On the Farm - December ’12
The enduring images of December are of Lucy and her collar against a background of fluorescent yellow flowering mustard. Lucy is 10 months old and was sterilised by the Kota Animal Welfare Trust on 4th December. Whereas street dogs heal in three days, Lucy has taken a month and has been wearing the blue dustbin hood for the last three weeks having previously removed her external stitches three times. We should have kept her collared with a hood and tied her the first week and all might have been well.
The main farming activities were pre-watering and sowing of wheat and watering the mustard just before it flowered. Here the men are clearing monsoon growth from a water channel so we can start watering from the canal which is brim full after a good monsoon. No rain since September though unlike other parts of the world....

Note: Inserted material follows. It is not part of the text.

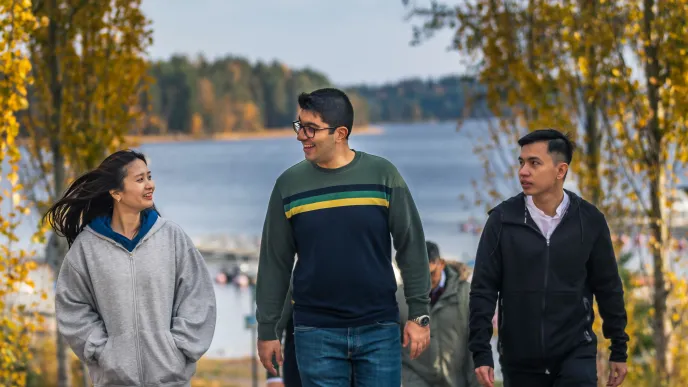 LUT University international students walking at lakeside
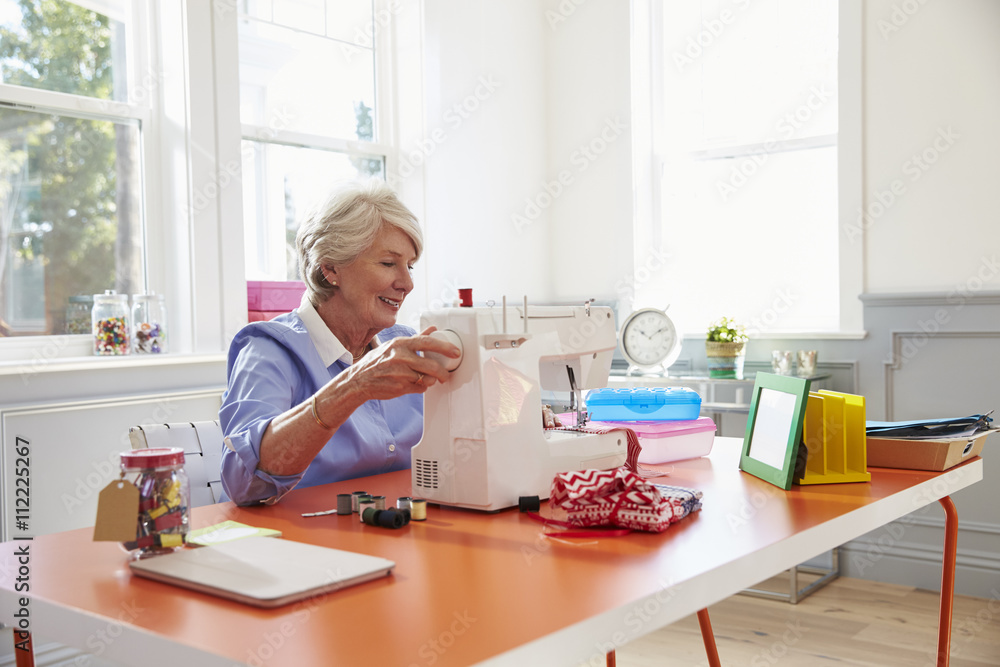 Senior Woman Making Clothes Using Sewing Machine At Home Senior Woman Making Clothes Using Sewing Machine At Home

The rice sold for a good price which was 60 percent up on last year. Good for farmers but not rice eaters. A nightly battle was waged in December against stray cows forcing their way into the farm to eat the young wheat and the green fodder for our cattle called bersin. Vijay made regular rounds with the air-gun. One more young male seems to have adopted us. There is less loss in tying him up and feeding him then in risking him foraging freely every night. Again he is half-Jersey and shunned by deshi Indian cows which wander about in groups.

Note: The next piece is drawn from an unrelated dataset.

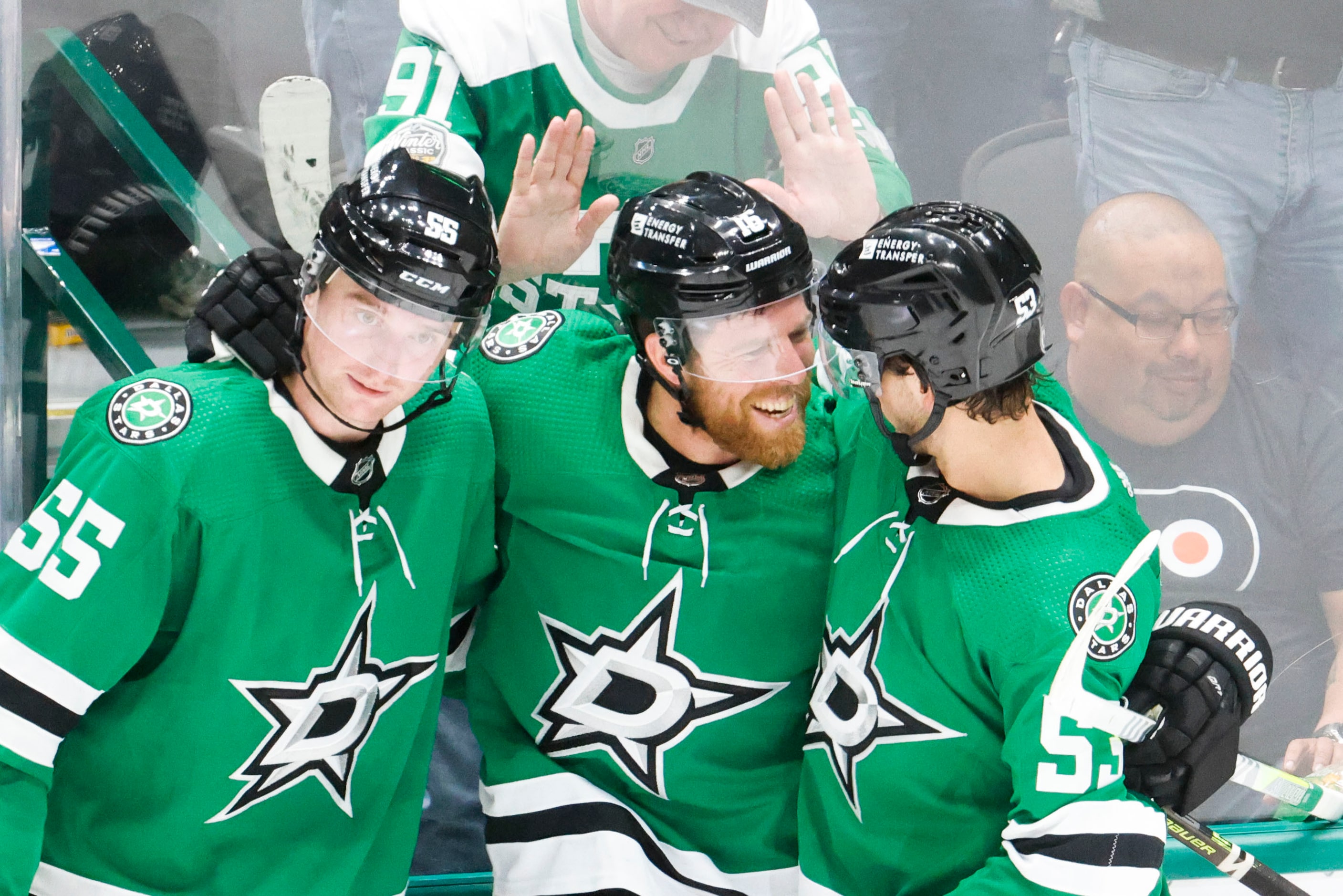 Dallas Stars center Joe Pavelski (center) celebrates his overtime goal with defenseman...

On the Farm - November ’12
Divali is the highlight of November. On the day after, there is a ceremony to honour the cows. Here you can see their jaunty garlands. Mun-mun has seen 17 of these pujas previously and looks forward to the sweet puris (fried chapattis) they are fed.
On November 2nd a team of ten women started hand-cutting the rice and they worked every day for a month. They tied it in bundles and hit each bundle against a barrel. The grain that was knocked out was then fed into a thresher. No rain all month - so no damage to the dry crop.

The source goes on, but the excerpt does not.